### YOUR GOAL:
Reprint each record exactly. Pictures are not reprinted.

### MATERIAL PROVIDED:
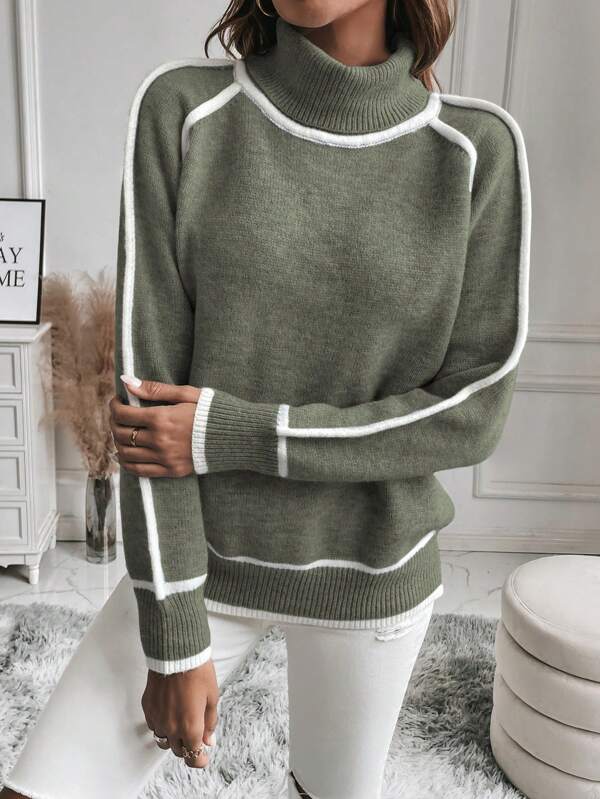 Wanda Turtleneck Sweater | Cropped Ribbed Knit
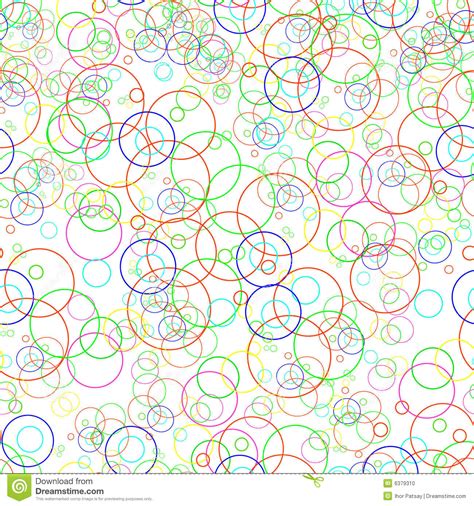 Seamless Circle Pattern Stock Vector Illustration Of Objects 6379310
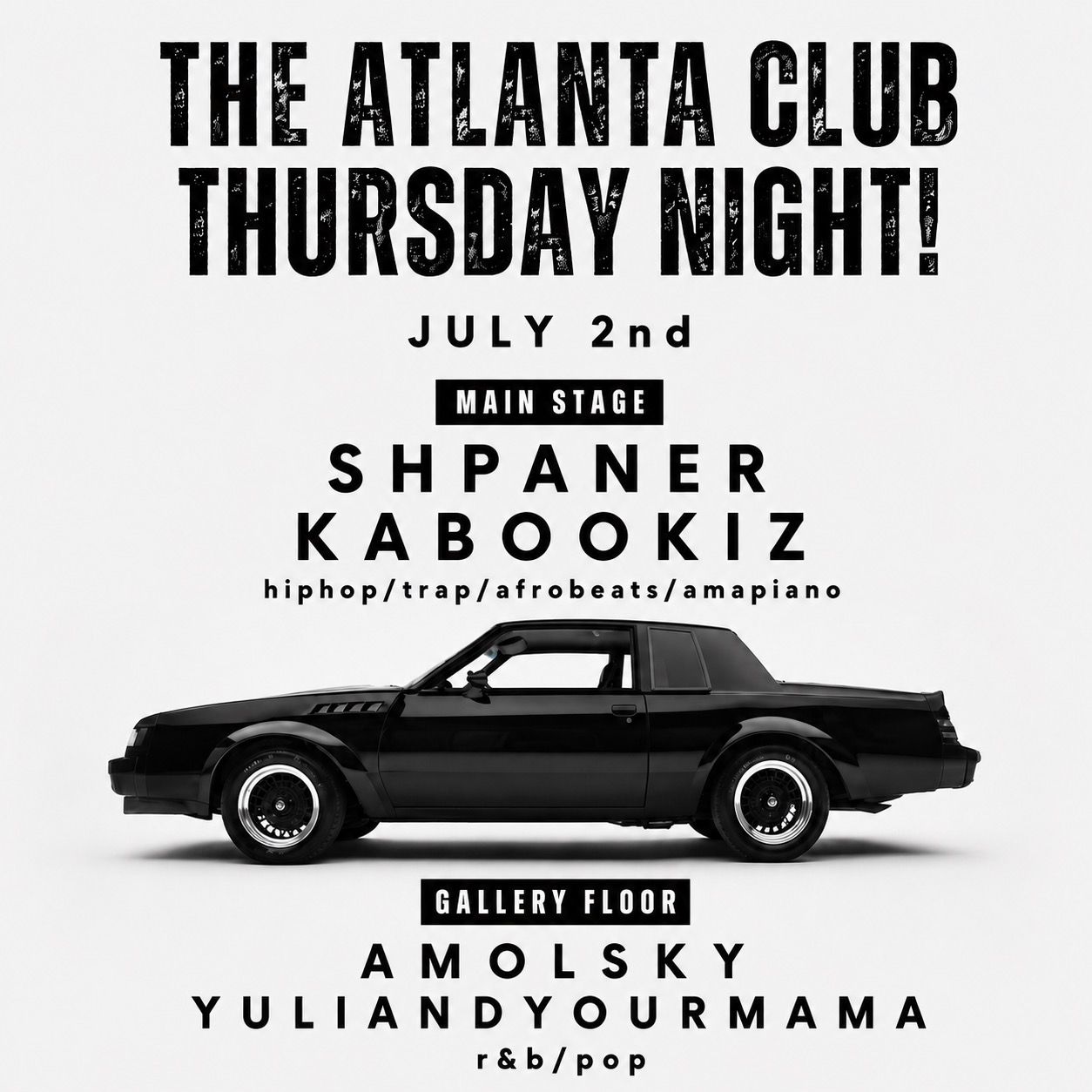 Event image - ATLANTA THURSDAYS TLV 02.07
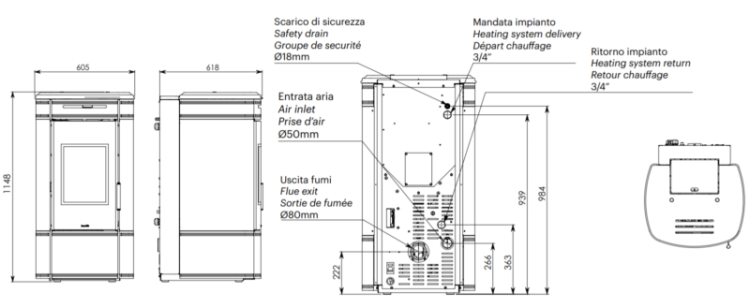 Ravelli HRV 100 Globe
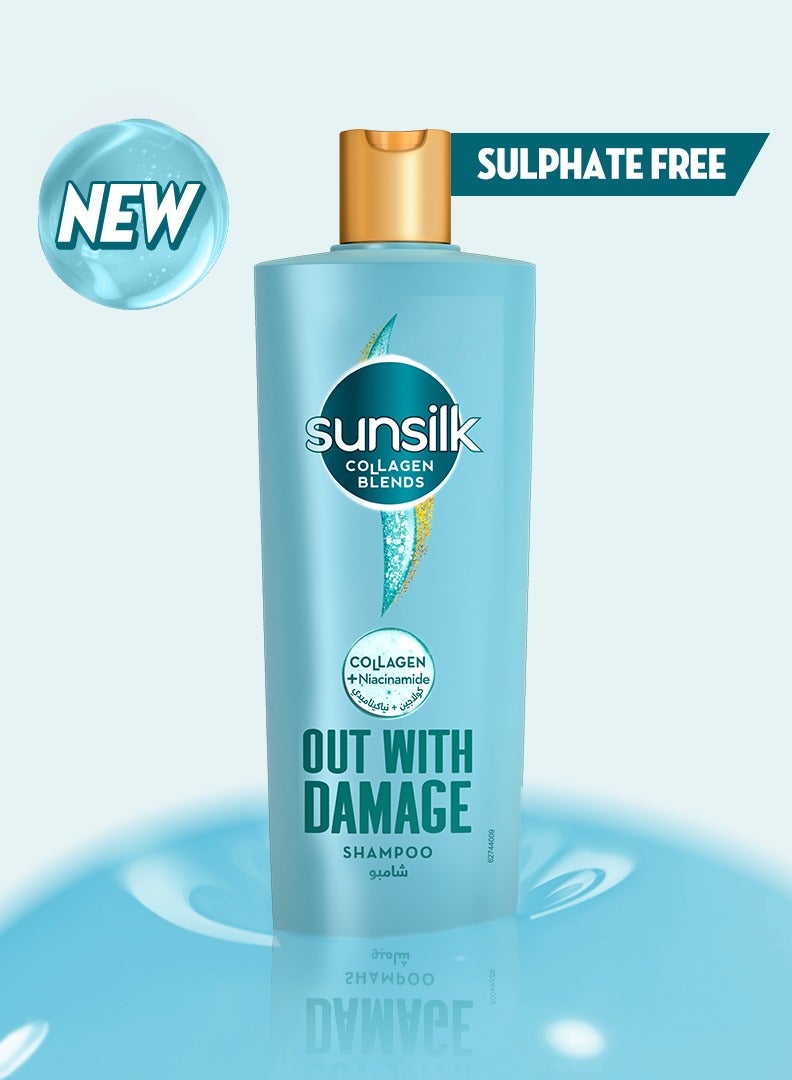 Sunsilk Out With Damage Shampoo 350ml - Image 3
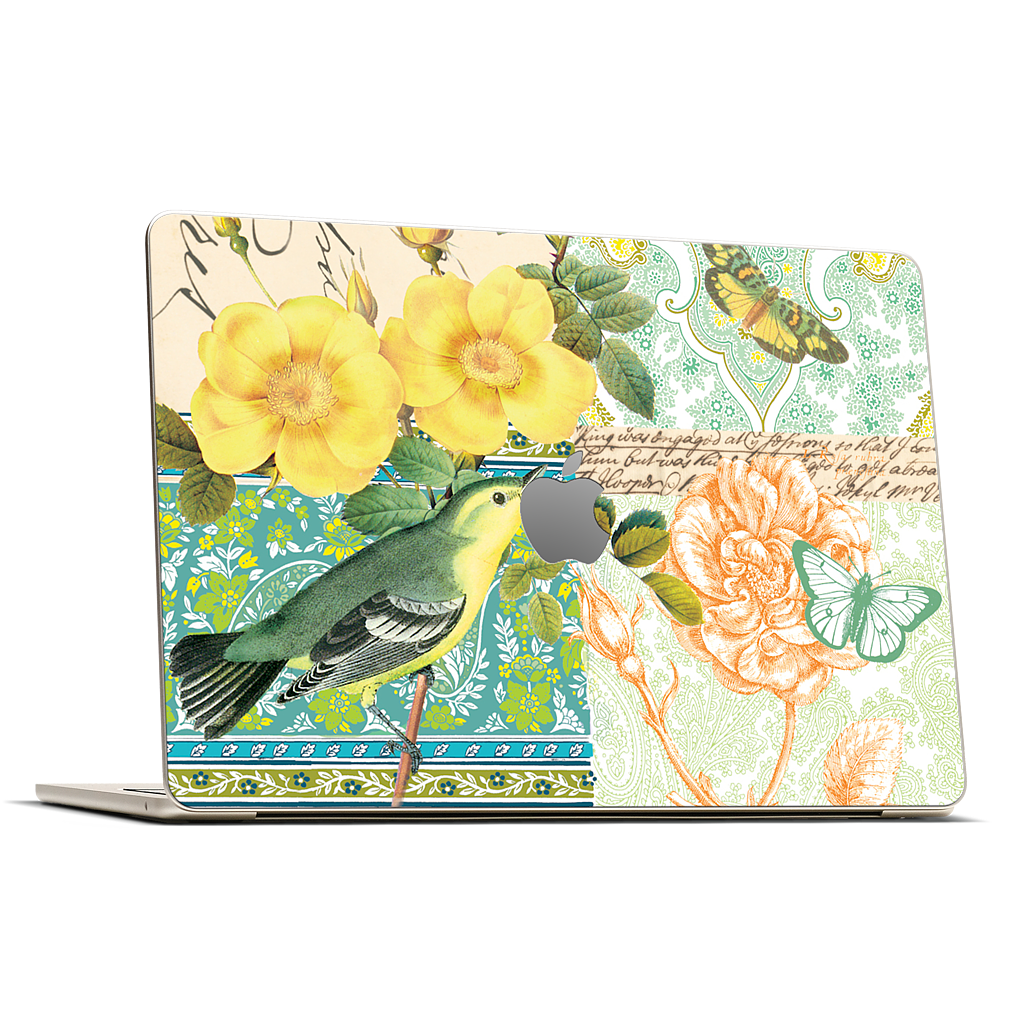 Yellow Bird MacBook Skin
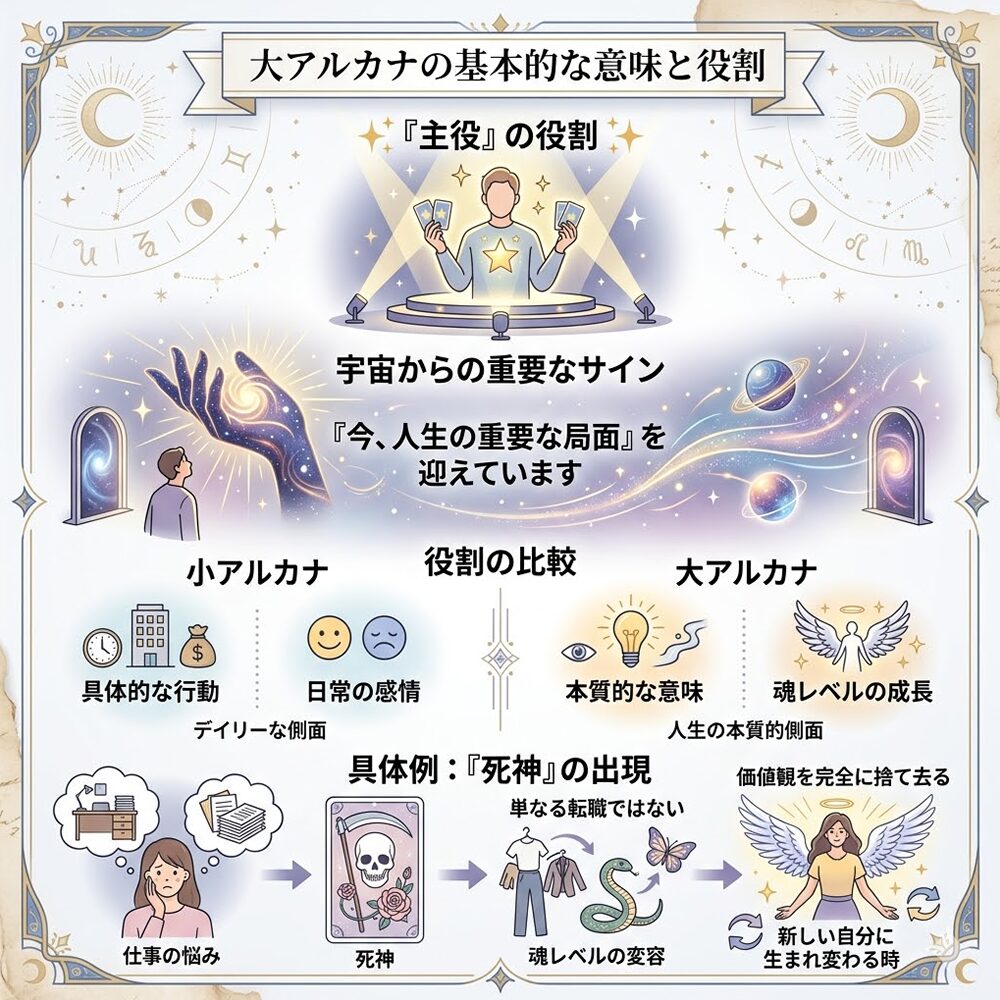 大アルカナとは？タロット22枚の意味と人生を変えるメッセージ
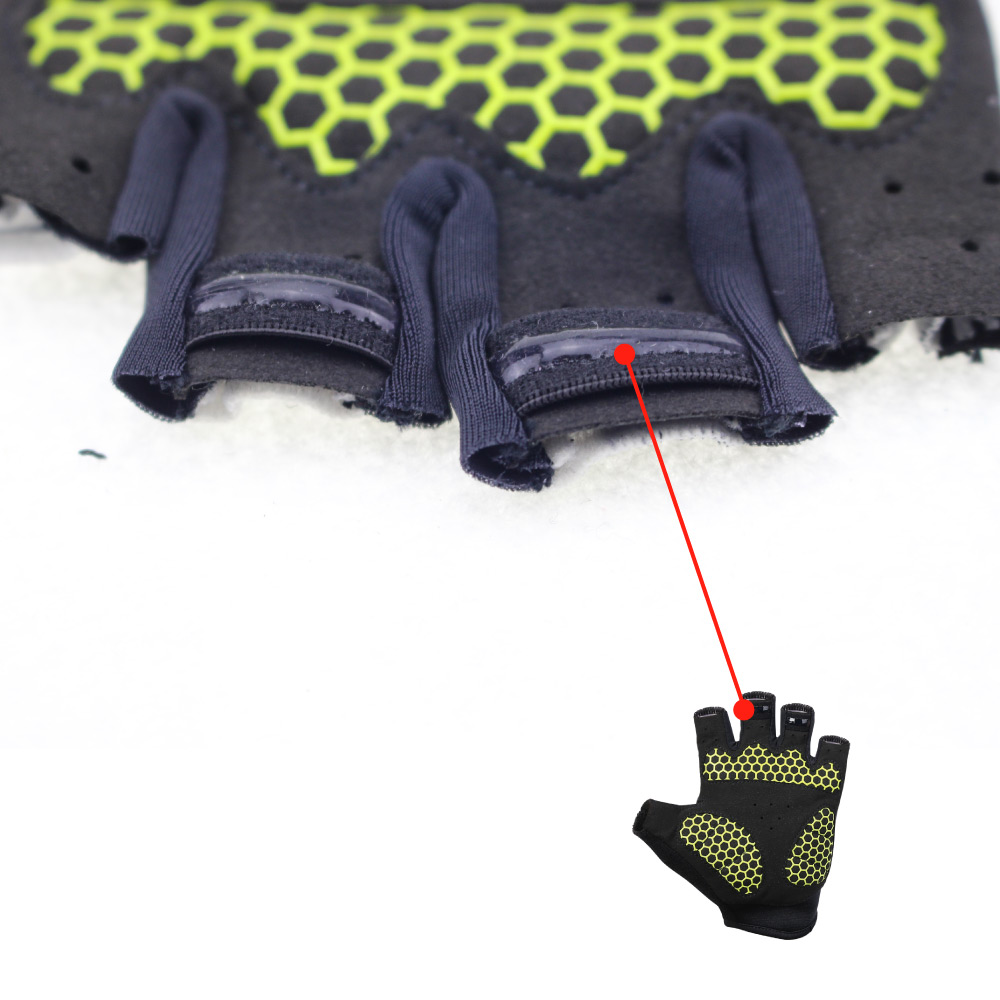 USA blu mezza finger gloves ci - Mountain Biking Gloves Mens recensione e prezzo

### YOUR SOLUTION:
 Wanda Turtleneck Sweater | Cropped Ribbed Knit
 Seamless Circle Pattern Stock Vector Illustration Of Objects 6379310
 Event image - ATLANTA THURSDAYS TLV 02.07
 Ravelli HRV 100 Globe
 Sunsilk Out With Damage Shampoo 350ml - Image 3
 Yellow Bird MacBook Skin
 大アルカナとは？タロット22枚の意味と人生を変えるメッセージ
 USA blu mezza finger gloves ci - Mountain Biking Gloves Mens recensione e prezzo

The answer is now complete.